DATA FOR PROCESSING: Begin

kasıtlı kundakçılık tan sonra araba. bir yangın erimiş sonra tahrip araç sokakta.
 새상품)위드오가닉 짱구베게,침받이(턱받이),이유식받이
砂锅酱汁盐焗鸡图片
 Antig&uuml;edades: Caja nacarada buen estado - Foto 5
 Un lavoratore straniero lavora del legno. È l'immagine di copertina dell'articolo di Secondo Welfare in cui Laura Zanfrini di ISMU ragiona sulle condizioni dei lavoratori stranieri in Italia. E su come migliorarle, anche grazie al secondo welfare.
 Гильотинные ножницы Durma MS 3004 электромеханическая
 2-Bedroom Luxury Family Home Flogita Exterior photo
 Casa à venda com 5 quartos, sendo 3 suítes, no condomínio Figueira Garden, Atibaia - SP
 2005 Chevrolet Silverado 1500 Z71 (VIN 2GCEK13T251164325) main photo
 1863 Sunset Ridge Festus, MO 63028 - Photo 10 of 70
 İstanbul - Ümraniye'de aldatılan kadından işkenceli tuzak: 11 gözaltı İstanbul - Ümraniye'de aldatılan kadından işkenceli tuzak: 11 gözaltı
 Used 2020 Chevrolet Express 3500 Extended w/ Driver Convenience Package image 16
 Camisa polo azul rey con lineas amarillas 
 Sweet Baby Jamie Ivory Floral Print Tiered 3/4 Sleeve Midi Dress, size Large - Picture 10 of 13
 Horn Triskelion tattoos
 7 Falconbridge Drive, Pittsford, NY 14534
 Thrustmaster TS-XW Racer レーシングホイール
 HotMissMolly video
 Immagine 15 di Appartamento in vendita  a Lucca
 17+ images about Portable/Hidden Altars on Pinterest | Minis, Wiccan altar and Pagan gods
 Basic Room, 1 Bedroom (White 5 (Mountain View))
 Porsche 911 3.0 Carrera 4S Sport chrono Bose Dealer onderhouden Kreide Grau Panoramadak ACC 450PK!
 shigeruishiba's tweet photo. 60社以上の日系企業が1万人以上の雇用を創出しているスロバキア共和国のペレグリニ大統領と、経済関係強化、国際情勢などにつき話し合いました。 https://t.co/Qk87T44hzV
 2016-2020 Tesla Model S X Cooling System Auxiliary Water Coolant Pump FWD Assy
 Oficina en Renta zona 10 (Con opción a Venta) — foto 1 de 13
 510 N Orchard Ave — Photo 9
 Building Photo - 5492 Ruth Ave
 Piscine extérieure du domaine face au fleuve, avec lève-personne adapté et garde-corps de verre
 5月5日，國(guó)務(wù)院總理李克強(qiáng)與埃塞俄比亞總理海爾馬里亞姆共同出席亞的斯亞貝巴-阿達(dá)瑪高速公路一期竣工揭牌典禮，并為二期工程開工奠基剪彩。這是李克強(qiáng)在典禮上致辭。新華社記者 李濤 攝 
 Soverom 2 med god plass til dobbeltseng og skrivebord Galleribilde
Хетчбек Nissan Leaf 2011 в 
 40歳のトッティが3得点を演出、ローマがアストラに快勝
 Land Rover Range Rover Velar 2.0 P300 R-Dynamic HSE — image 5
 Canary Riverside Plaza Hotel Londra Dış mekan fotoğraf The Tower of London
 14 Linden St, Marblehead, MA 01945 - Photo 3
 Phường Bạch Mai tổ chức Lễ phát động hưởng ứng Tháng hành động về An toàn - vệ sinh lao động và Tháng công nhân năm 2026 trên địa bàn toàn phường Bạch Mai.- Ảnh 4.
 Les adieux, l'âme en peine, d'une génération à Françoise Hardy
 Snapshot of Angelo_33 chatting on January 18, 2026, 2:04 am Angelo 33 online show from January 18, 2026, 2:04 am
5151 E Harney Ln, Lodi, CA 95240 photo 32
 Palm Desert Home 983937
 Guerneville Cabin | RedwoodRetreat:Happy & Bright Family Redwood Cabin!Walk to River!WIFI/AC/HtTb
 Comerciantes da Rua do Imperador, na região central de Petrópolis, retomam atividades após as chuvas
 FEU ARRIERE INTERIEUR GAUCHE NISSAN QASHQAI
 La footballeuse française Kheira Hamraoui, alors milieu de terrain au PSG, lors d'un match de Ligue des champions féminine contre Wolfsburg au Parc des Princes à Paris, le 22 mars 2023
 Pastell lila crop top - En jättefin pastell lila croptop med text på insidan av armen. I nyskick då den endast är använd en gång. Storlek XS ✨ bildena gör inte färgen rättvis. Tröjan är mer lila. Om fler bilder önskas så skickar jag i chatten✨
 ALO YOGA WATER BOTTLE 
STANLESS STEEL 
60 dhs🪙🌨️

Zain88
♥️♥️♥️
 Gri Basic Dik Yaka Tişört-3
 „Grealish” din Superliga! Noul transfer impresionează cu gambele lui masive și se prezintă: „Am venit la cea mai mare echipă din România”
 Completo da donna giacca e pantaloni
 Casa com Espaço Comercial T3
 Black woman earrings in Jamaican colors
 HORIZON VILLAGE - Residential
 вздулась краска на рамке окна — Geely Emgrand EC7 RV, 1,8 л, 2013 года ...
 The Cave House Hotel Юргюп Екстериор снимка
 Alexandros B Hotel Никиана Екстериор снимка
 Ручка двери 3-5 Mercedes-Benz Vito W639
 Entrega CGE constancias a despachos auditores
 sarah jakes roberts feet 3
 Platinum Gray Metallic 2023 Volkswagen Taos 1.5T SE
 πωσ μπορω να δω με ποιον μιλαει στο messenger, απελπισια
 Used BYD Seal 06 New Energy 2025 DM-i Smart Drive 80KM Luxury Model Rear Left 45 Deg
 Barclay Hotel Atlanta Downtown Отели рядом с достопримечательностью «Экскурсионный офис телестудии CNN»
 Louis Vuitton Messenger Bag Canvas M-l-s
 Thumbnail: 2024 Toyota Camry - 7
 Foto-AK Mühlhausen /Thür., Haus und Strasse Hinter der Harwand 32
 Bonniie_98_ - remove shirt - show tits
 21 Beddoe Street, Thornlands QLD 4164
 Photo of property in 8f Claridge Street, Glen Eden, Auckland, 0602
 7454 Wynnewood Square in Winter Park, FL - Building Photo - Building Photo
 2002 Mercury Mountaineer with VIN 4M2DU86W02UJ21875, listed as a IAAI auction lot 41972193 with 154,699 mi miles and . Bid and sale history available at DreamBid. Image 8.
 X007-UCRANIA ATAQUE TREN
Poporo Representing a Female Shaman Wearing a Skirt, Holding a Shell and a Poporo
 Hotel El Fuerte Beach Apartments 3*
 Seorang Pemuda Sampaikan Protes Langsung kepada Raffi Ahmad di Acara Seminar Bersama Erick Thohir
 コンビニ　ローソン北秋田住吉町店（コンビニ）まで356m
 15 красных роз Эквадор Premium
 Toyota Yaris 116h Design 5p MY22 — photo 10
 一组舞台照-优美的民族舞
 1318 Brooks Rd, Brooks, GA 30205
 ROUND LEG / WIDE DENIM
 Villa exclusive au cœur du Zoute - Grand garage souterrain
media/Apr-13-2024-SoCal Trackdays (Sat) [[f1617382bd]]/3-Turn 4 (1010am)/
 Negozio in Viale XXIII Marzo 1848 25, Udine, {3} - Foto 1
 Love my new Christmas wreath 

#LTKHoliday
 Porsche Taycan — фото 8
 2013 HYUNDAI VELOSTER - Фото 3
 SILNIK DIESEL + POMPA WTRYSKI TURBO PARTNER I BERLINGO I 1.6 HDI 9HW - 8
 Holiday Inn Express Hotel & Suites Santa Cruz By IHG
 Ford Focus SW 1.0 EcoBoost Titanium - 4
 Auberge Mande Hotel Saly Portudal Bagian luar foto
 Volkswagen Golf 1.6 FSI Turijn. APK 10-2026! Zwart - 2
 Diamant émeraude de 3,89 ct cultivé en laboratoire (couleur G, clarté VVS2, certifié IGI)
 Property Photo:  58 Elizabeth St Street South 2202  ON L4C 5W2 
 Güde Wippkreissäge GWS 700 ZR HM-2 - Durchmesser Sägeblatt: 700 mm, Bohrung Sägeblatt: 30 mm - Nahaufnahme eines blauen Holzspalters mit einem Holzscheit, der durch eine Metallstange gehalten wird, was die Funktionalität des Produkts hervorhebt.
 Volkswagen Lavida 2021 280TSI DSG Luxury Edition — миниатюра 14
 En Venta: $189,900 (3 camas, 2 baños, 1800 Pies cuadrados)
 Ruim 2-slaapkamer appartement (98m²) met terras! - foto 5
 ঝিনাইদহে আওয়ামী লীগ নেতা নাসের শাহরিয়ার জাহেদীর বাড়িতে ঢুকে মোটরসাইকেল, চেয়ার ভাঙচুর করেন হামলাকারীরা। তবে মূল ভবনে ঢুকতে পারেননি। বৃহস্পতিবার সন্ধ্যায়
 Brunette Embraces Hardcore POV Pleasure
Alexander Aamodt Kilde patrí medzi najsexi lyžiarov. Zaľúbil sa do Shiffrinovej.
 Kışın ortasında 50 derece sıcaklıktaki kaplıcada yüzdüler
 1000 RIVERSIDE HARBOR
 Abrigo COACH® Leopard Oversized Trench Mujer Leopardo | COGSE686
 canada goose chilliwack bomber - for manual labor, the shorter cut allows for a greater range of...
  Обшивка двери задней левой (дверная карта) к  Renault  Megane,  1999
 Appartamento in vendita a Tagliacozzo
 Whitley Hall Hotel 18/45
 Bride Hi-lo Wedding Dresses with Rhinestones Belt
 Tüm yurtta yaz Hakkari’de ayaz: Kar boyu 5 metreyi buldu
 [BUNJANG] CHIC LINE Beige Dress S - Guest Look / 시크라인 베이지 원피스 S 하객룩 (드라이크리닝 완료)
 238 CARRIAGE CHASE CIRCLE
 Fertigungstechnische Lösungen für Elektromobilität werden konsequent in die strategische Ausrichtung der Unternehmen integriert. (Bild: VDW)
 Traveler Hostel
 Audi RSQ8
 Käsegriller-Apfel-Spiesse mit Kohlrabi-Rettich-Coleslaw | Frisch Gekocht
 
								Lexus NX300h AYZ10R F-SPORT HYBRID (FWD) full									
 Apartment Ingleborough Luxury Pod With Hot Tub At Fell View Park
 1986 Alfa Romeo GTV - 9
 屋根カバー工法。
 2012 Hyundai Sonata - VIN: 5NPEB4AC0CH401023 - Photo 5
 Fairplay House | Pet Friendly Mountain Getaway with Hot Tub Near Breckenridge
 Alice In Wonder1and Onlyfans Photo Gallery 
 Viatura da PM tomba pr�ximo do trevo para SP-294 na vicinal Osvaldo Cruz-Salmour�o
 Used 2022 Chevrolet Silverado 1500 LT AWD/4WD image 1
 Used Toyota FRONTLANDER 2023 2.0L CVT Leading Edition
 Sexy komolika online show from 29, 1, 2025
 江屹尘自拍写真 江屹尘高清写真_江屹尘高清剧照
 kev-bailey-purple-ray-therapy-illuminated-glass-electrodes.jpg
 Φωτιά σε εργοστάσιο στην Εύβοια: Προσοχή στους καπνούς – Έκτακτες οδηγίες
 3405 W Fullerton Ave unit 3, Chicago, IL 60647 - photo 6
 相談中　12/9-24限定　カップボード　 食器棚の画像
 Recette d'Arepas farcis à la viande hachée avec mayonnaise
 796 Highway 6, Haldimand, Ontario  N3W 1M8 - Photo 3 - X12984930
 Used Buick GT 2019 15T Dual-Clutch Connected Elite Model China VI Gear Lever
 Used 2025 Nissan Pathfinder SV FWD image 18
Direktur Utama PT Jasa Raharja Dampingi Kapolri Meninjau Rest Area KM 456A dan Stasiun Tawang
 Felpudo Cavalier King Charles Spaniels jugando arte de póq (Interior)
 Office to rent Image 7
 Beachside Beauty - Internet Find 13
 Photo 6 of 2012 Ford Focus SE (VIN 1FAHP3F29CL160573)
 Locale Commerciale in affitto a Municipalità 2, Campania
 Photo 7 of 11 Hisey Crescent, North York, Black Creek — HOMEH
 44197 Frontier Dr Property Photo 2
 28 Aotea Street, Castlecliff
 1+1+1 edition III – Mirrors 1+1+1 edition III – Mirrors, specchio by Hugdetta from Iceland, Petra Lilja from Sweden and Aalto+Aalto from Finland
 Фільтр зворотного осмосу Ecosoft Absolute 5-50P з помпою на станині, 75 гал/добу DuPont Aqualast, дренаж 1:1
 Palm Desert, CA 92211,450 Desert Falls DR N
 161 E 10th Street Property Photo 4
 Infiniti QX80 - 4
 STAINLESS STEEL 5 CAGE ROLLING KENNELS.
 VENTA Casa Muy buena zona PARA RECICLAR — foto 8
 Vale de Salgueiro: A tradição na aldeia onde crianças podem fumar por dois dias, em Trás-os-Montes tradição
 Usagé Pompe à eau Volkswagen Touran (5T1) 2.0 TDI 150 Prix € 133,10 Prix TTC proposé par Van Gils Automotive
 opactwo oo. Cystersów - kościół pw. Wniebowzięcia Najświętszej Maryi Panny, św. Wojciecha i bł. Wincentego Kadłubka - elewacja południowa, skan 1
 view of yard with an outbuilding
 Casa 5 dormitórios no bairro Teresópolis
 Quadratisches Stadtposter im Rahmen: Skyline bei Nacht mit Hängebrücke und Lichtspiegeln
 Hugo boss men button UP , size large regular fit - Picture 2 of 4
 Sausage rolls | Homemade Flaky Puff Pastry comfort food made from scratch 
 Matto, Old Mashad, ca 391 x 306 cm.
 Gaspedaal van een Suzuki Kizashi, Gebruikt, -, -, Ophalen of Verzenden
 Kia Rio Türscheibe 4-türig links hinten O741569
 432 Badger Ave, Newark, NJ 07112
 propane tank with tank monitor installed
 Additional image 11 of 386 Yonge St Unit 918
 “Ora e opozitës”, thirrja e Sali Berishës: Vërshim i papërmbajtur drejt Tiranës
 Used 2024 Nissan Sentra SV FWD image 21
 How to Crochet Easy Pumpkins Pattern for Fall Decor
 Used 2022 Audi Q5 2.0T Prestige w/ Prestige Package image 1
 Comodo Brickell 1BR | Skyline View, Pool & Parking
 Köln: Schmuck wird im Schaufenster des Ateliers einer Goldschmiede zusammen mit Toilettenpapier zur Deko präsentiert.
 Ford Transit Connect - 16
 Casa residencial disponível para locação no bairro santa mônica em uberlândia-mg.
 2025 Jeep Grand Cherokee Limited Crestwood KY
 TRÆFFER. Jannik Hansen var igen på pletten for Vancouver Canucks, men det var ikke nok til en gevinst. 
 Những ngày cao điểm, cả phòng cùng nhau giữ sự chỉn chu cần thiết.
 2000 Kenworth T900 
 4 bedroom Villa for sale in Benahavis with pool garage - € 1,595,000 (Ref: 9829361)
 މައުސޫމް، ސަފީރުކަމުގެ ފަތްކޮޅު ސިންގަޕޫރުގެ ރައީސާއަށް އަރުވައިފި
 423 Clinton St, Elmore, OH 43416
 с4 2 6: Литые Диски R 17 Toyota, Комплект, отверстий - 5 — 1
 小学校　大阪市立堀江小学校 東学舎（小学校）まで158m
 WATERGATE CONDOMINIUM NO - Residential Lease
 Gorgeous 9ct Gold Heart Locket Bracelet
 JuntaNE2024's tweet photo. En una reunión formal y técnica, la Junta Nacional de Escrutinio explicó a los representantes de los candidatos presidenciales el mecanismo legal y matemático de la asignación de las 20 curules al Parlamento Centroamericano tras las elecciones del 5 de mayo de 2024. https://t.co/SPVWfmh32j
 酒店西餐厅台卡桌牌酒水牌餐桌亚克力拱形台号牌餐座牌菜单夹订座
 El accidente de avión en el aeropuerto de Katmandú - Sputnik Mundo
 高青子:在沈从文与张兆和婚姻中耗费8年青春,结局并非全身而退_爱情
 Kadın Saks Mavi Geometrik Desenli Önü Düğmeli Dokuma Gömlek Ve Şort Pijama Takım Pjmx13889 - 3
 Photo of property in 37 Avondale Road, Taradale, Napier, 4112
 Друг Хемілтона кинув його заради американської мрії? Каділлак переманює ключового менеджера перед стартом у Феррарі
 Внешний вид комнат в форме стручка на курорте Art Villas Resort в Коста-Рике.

DATA FOR PROCESSING: End

### WHAT IS BEING ASKED
Could you retype exactly the lines above, starting at the line that contains "1986 Alfa Romeo GTV - 9" and ending at the line that contains "Photo 6 of 2012", and nothing more?

### YOUR RESPONSE
 1986 Alfa Romeo GTV - 9
 屋根カバー工法。
 2012 Hyundai Sonata - VIN: 5NPEB4AC0CH401023 - Photo 5
 Fairplay House | Pet Friendly Mountain Getaway with Hot Tub Near Breckenridge
 Alice In Wonder1and Onlyfans Photo Gallery 
 Viatura da PM tomba pr�ximo do trevo para SP-294 na vicinal Osvaldo Cruz-Salmour�o
 Used 2022 Chevrolet Silverado 1500 LT AWD/4WD image 1
 Used Toyota FRONTLANDER 2023 2.0L CVT Leading Edition
 Sexy komolika online show from 29, 1, 2025
 江屹尘自拍写真 江屹尘高清写真_江屹尘高清剧照
 kev-bailey-purple-ray-therapy-illuminated-glass-electrodes.jpg
 Φωτιά σε εργοστάσιο στην Εύβοια: Προσοχή στους καπνούς – Έκτακτες οδηγίες
 3405 W Fullerton Ave unit 3, Chicago, IL 60647 - photo 6
 相談中　12/9-24限定　カップボード　 食器棚の画像
 Recette d'Arepas farcis à la viande hachée avec mayonnaise
 796 Highway 6, Haldimand, Ontario  N3W 1M8 - Photo 3 - X12984930
 Used Buick GT 2019 15T Dual-Clutch Connected Elite Model China VI Gear Lever
 Used 2025 Nissan Pathfinder SV FWD image 18
Direktur Utama PT Jasa Raharja Dampingi Kapolri Meninjau Rest Area KM 456A dan Stasiun Tawang
 Felpudo Cavalier King Charles Spaniels jugando arte de póq (Interior)
 Office to rent Image 7
 Beachside Beauty - Internet Find 13
 Photo 6 of 2012 Ford Focus SE (VIN 1FAHP3F29CL160573)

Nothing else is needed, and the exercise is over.